Retro Software's The Krystal Connection is a fairly standard platform game where each screen is accessed serially, and might just as easily have been released in 1984. Apparently, this is when it was actually written.
Your aim is to collect up all the bones lying around. Each screen also features a few patrolling nasties which detect your presence and come hurtling toward you as soon as you both share a platform. They have to be either avoided, or temporarily trapped, allowing you to pass "through" them. Hence you must leave yourself enough time when moving onto a platform to: drop a trap, take a step backwards, wait for the trap to capture the bad guy and then run past him. You access each platform via a lift which you can direct up and down when standing on it.

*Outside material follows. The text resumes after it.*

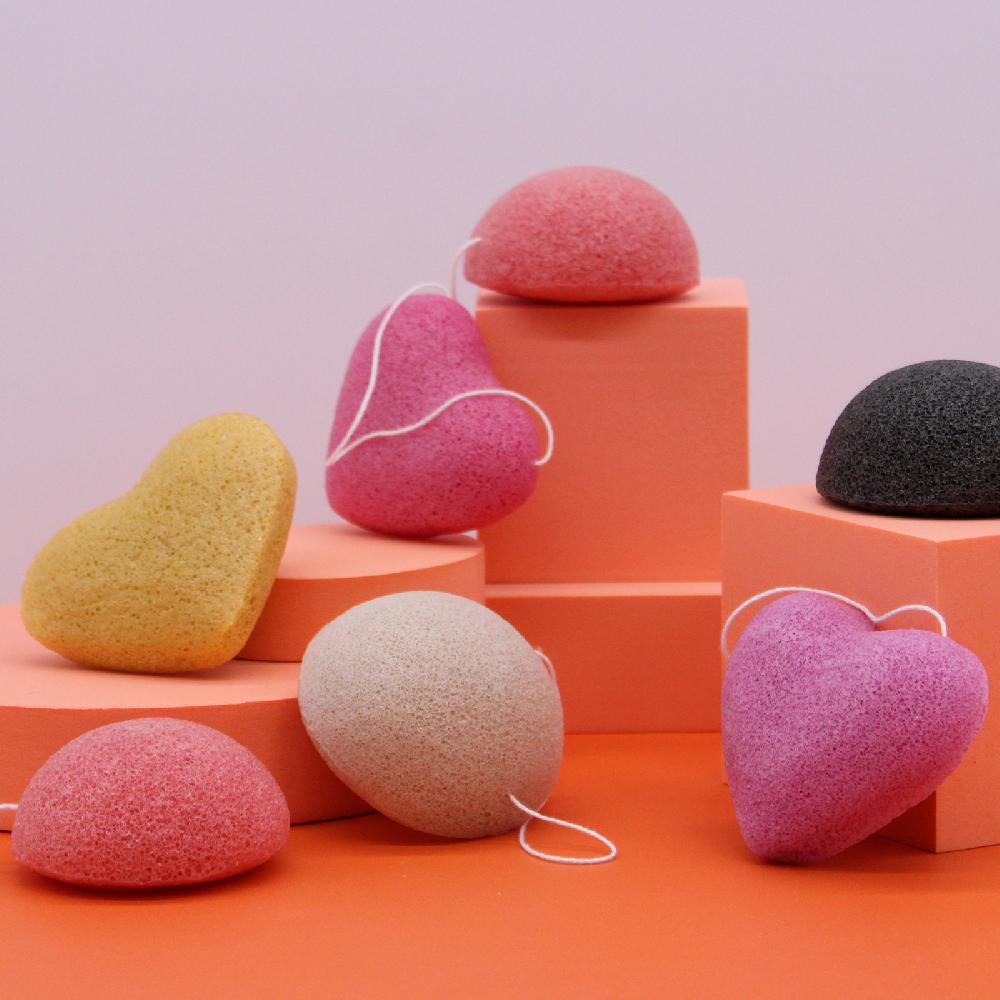 6x Konjac Heart Sponge - Lavender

As a game concept, this is quite a fiddly affair. Krystal Connection's execution of it is also wildly unpredictable. Dropping the trap seems sluggish; often the "drop" key just doesn't register. Yet when attempting to take a step backwards, the direction keys can register twice. Both tedious features of the game render it pretty unenjoyable, and the level design also feels unimaginative.
A cassette-based copy of The Krystal Connection costs £2.95 plus P&P. Curiously, Retro Software also has free releases (amongst them Castle Raider, Jungle Journey and Hard Hat Harry 1 & 2) which are, on any view, superior to this one.